D. S. Quels sont les risques et les opportunités ?
G. A. On parle de plus en plus de e-réputation. Mais lorsqu’on l’évoque, c’est plutôt sous l’aspect risque, parce que nous avons tous un exemple de crise dans l’actualité pour illustrer celui-ci. Constater les dégâts causés sur une e-réputation est une vision défensive liée à une information ou à des expériences passées. C’est un jugement a posteriori de faits qui auraient pu être évités si le risque avait été évalué en amont. Selon le vieil adage « il vaut mieux prévenir que guérir », non seulement la crise aurait pu être évitée, mais en anticipant, le social-media peut être une opportunité.
D. S. Il existe plusieurs types de risques qui peuvent atteindre à la e-réputation d’une entreprise.
G. A. Il y a d’abord un risque stratégique pouvant affecter le business de l’entreprise : variations ou chute des ventes ou dégradation du système commercial, chute du cours en bourse, remise en cause de partenariat, coût d’une communication de crise… diffusion d’avis négatifs de consommateurs, dénigrement, rumeur et diffusion de fausses informations. La e-reputation de Quick en chute libre après la mort suspecte d’un adolescent de 14 ans à Avignon en est un bon exemple. Cet accident industriel a généré des débordements d’ordre raciste liés à la commercialisation d’hamburgers hallal. Conséquence directe : moins 35% de chiffre d’affaires sur l’ensemble de ses restaurants en France. Cela peut affecter l’offre de l’entreprise, la remettre en cause. Elle peut faire l’objet de violentes critiques, d’un dénigrement, d’un boycott de ses produits, d’une contestation de sa légitimité, sans oublier un détournement possible de son identité. Au plan des rapports humains, une e-réputation calamiteuse peut remettre en cause des décisions du management, créer une défiance envers celui-ci et affaiblir sa crédibilté, affaiblir le lien social, affaiblir la communication de l’entreprise vis-à-vis de ses partenaires, de son écosystème, …

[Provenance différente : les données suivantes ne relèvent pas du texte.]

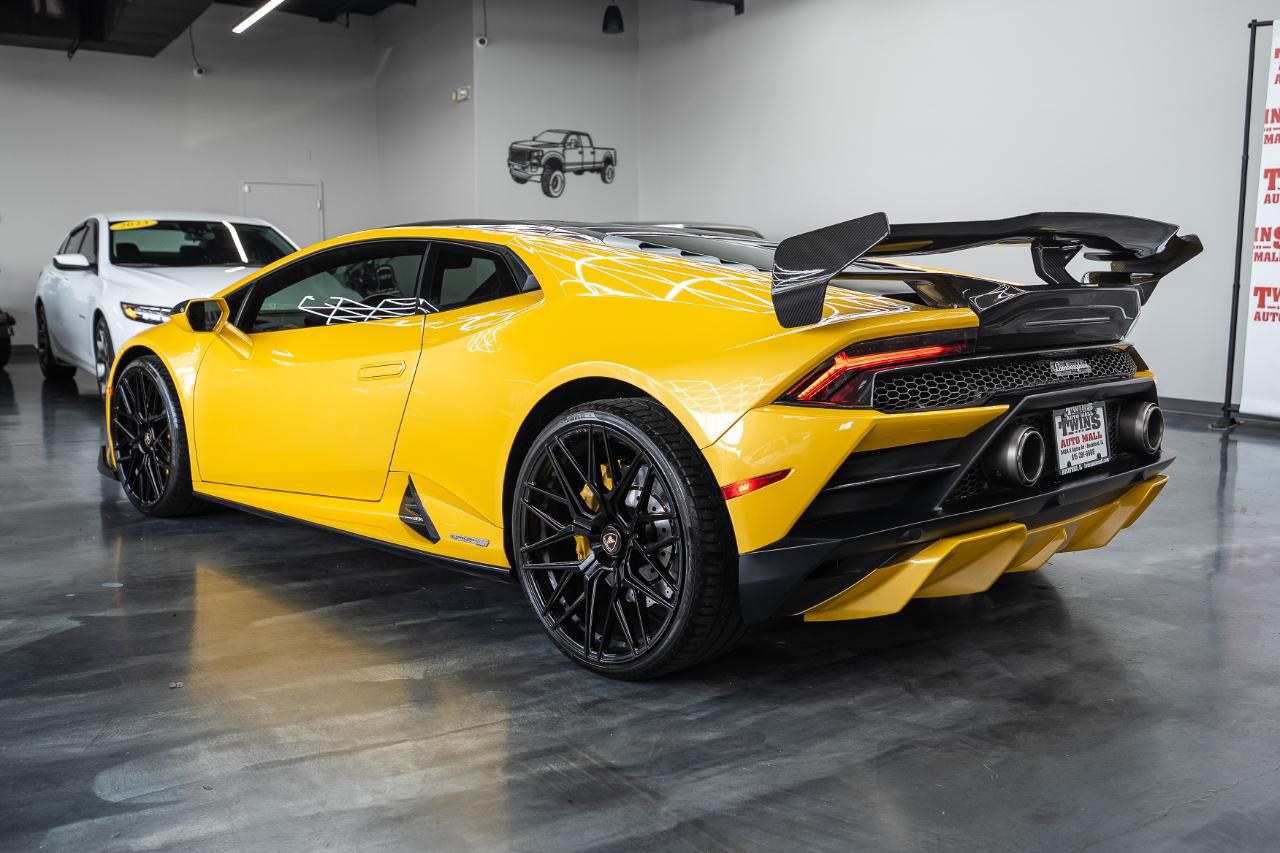 Lamborghini Huracan EVO Coupe 2022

D. S. Vous parlez aussi d ‘opportunité ?
G. A. Mais la e-réputation peut constituer une opportunité créatrice de valeur si elle est pensée dans une véritable stratégie, avec un business model dédié, défini et mis en œuvre par des professionnels.
Pour conclure, nous sommes face à une nouvelle relation de la marque aux consommateurs. En étant à la fois émetteur et récepteur, le consommateur devient un consom-acteur. La nature de son pouvoir change radicalement sa relation à la marque qui devient un partenaire avec qui il veut dialoguer d’égal à égal. Et s’il n’est pas satisfait, il zappe. Les marques, les entreprises, les institutions sont désormais en CDD.